=== YOUR GOAL ===
Skipping any pictures, repeat exactly and only the lines from the one that holds "een woonkamer met" to the last line of the material, both included.

=== SOURCE DATA ===
=-=-=

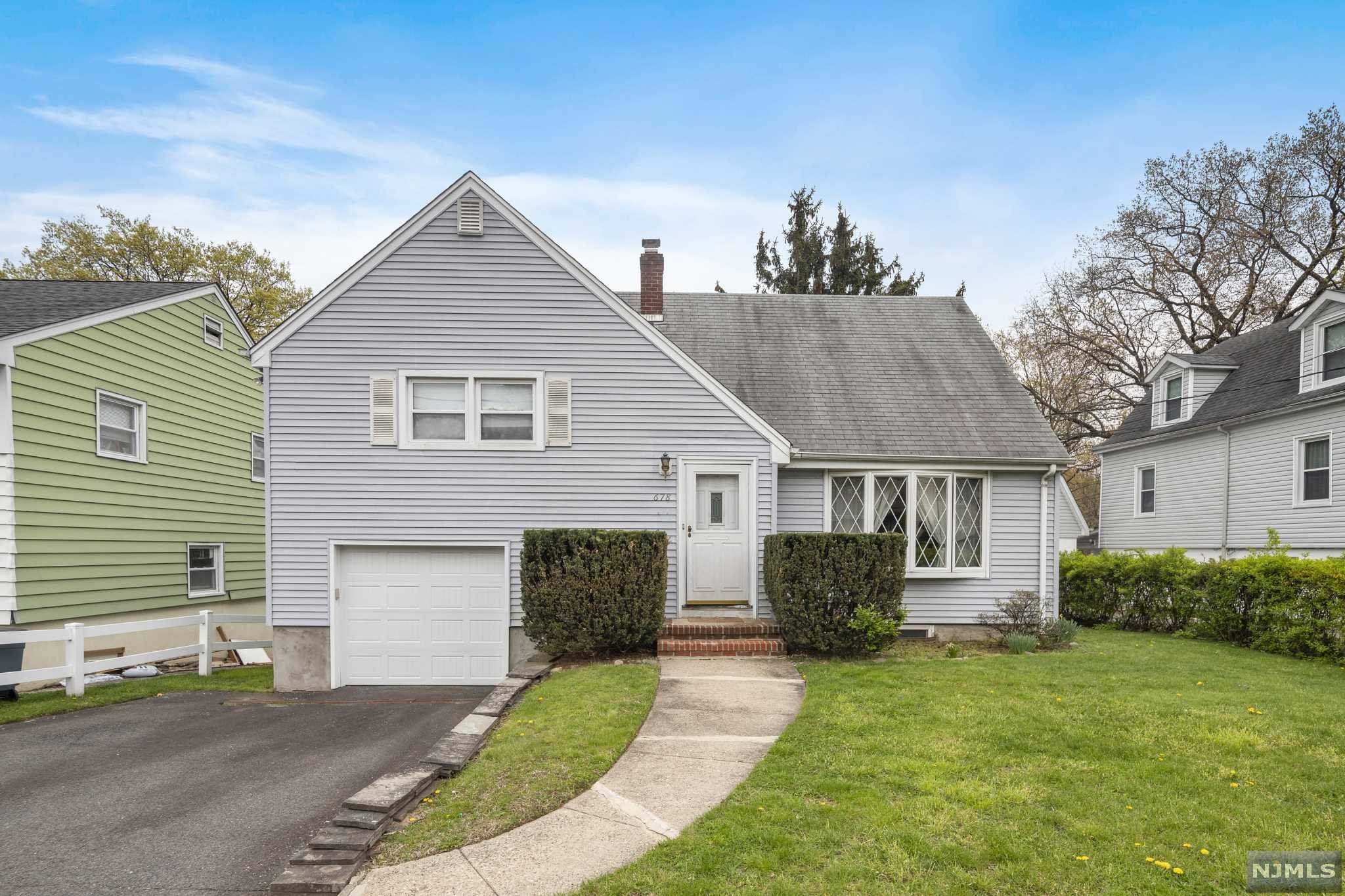 Great location, spacious Maywood Split-Level home on beautiful huge property backs up to nature preserve! Features include great floorpan with spacious living room with bay window, open to dining room, kitchen open to den addition. Upstairs are 3 good size bedrooms and a full bathroom. Downstairs is access to the attached garage, laundry room, half bath, and big family room/rec room with built in bar and decorative fireplace, sliding doors to huge oversized backyard. Perfect candidate for your custom makeover project! Close to NYC express transportation, in the heart of Bergen County convenient to everything. Don't miss it!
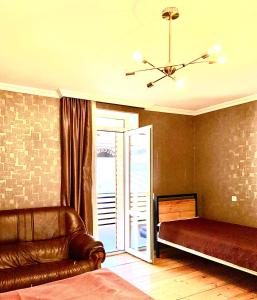 een woonkamer met een bank en een plafondventilator bij Apartment Once in Kazbegi in Kazbegi +8 foto's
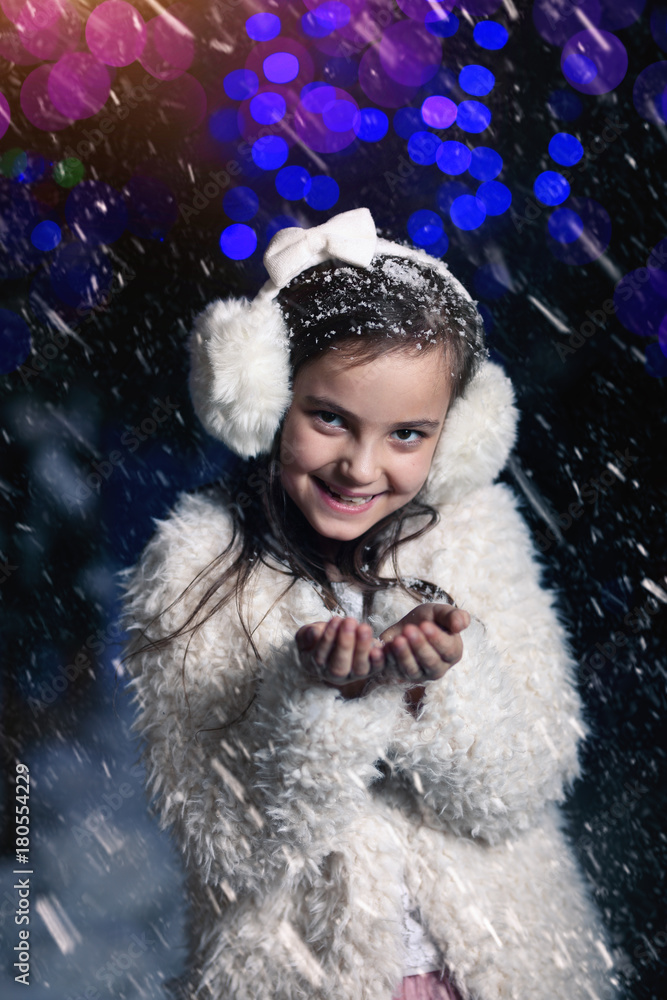 Fototapeta premium Young girl blows snowflakes in winter evening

=-=-=

=== ANSWER BOX ===
 een woonkamer met een bank en een plafondventilator bij Apartment Once in Kazbegi in Kazbegi +8 foto's
 Fototapeta premium Young girl blows snowflakes in winter evening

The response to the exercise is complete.